What you are asked to do:
Below are entries. Copy exactly the lines running from the line that holds "Traditional Louisiana fish" to the line that holds "In-room safe, iron/ironing", with both ends included.

(Data to examine)

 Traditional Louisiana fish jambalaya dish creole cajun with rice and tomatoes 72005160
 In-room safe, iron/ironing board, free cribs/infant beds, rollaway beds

(End Data to examine)
(Data to examine)

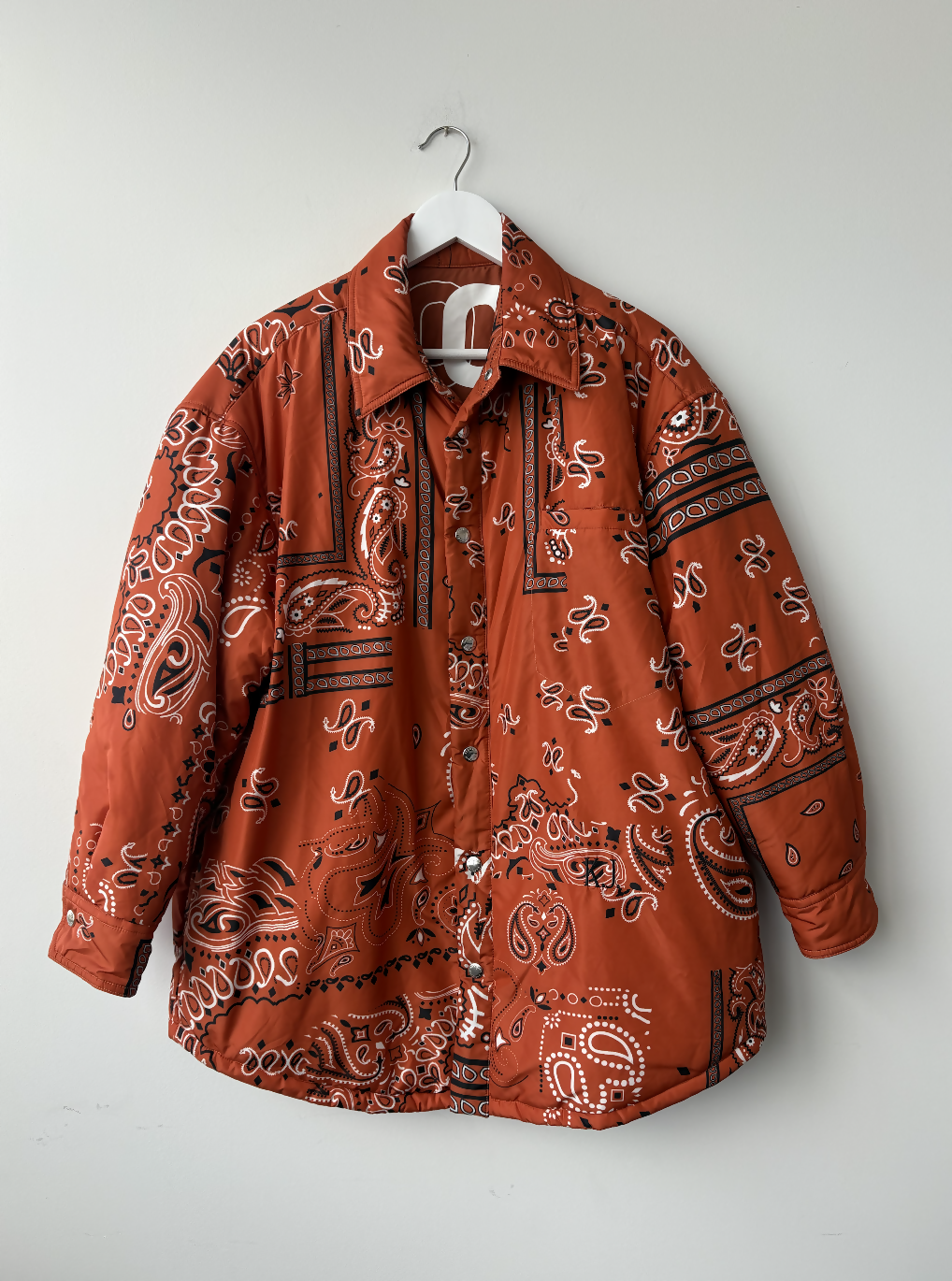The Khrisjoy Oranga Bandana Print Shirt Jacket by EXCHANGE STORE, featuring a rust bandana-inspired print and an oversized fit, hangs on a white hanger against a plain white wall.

(End Data to examine)

Answer space:
 Traditional Louisiana fish jambalaya dish creole cajun with rice and tomatoes 72005160
 In-room safe, iron/ironing board, free cribs/infant beds, rollaway beds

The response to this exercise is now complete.